Muita gente não sabe, mas, no chamado “país do futebol”, as mulheres passaram quatro décadas excluídas oficialmente da maior paixão nacional. Durante os períodos autoritários da história brasileira (tanto na ditadura de Getúlio Vargas quanto na ditadura militar), jogar bola virou caso de polícia para elas, que passaram quatro décadas proibidas de praticar esse e outros esportes considerados “inadequados para o corpo feminino”.
O decreto lei número 3.199 de 14 de abril de 1941 dizia: “Às mulheres não se permitirá a prática de desportos incompatíveis com as condições de sua natureza, devendo, para este efeito, o Conselho Nacional de Desportos baixar as necessárias instruções às entidades desportivas do país”.
Na última semana, lembramos o marco de 80 anos da assinatura deste decreto para nunca esquecermos de onde viemos e para onde estamos indo.
Halterofilismo, beisebol, lutas de qualquer natureza e a prática do futebol foram proibidos para as mulheres. As justificativas eram as mais esdrúxulas possíveis e sem nenhum fundamento comprovado. Diziam que as práticas de contato não eram compatíveis ao corpo da mulher – visto que elas precisavam se preservar para a maternidade – e que elas também eram mais frágeis do que os homens.
“O futebol feminino é desaconselhável e, com o passar do tempo, perigoso e nocivo”, dizia o Diário de Notícias de 1941. “As mulheres têm ossos mais frágeis; menor massa muscular; bacia oblíqua; coração menor; respiração menos apropriada a esportes pesados; menor resistência nervosa e de adaptação orgânica”, foi a explicação que saiu na Folha de S. Paulo em 1961.
A proibição só deixou de existir após muita luta e resistência delas em 1979.
Consequências
Aira Bonfim, pesquisadora e mestranda da FGV (Fundação Getúlio Vargas), participou ativamente da inclusão da história das mulheres no Museu do Futebol em 2015 e reforça o quanto fez mal para a modalidade feminina viver por mais de 40 anos de maneira irregular.
“Proibir institucionalmente uma prática esportiva não só gerou atrasos e retrocessos no desenvolvimento da modalidade no âmbito das competições esportivas nacionais e internacionais e organização de bases e calendários, mas comprometeu culturalmente e simbolicamente o acesso de gerações de mulheres a esses esportes uma vez eram considerados impróprios e “masculinizantes”, disse a pesquisadora.
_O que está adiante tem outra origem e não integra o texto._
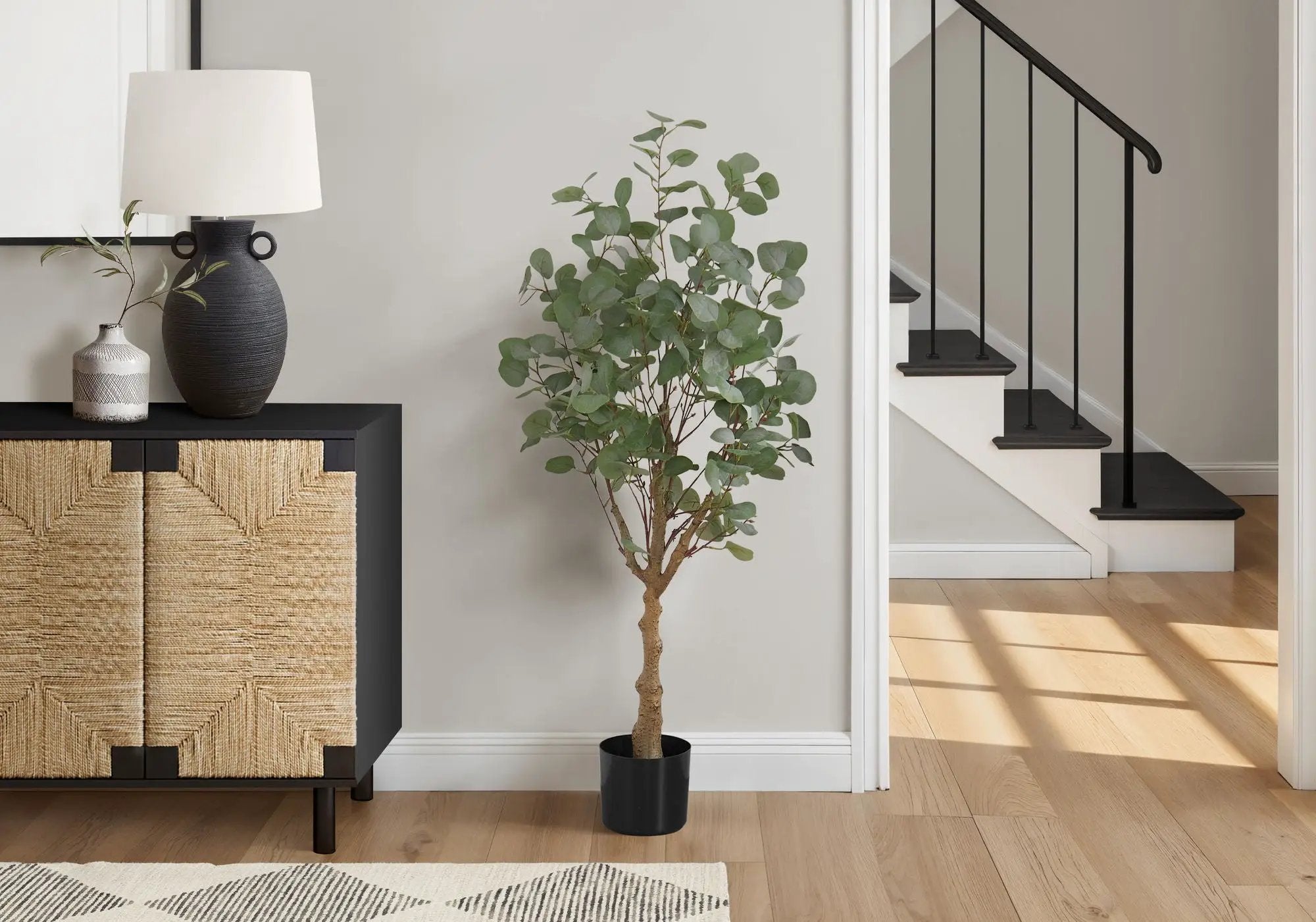 46" Tall, Artificial Plant, Eucalyptus Tree, Indoor, Faux, Fake, Floor, Greenery, Potted, Decorative - Green / Black by Unique Piece Furniture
Mas a proibição não impediu que as mulheres resistissem e mantivessem a prática esportiva, só que de maneira escondida – e, por isso, essa parte não consta nos documentos históricos da época.
“Apesar da proibição, as mulheres continuaram fazendo. Só que não podiam ser registradas suas conquistas, elas não poderiam aparecer oficialmente nos registros das federações. Isso deu uma invisibilidade na história das mulheres no esporte. Elas estavam, mas não aparecem. Só que o silêncio não significa ausência”, afirma Silvana Goellner, pesquisadora de gênero e educação física na Universidade Federal do Rio Grande do Sul.
“Mesmo proibido no Brasil e em outros países, o futebol de mulheres foi uma experiência de desobediência civil uma vez que mesmo na contramão dos incentivos e da legalidade, foi praticado ao longo de décadas na maioria do território nacional e, aos poucos, atletas engajaram-se de forma associativista e militante a outros movimentos de emancipação feminina, como foi o caso da jogadora do Radar, Rose do Rio no início da década de 80”, relembrou Aira.
As ditaduras e os decretos acabaram na teoria, mas ainda hoje, na prática, existem muitas barreiras para as atletas que ousam desafiar a lógica ainda tão repetida de que “esporte é coisa para homem”.
“Os espaços públicos são ocupados por meninos. Hoje há uma proibição simbólica, ela ainda existe. O que mudou de lá para cá foi a maior participação das mulheres – aumentou a resiliência delas. A despeito de todas essas precariedades, elas não desistiram do futebol”, concluiu Goellner.
“Se temos a oportunidade de torcer, narrar, jogar e minimamente conhecer o futebol de mulheres no Brasil e no mundo, foi graças ao esforço insistente de diferentes grupos de mulheres que durante a transição democrática expuseram publicamente suas posições ‘subversivas’ e escandalosas para os padrões da época em relação ao desejo de viverem mais intensamente o tal esporte nacional deles”, reforçou Aira.
Insistimos. Resistimos. Chegamos a 2021, 80 anos depois da lei que tentou nos parar, mais fortes do que nunca. Ainda tentam, de várias formas, nos impedir de jogar, de evoluir. Nada nos foi dado, tudo foi conquistado. Mas a gente nunca teve preguiça de lutar. Seguiremos dibrando!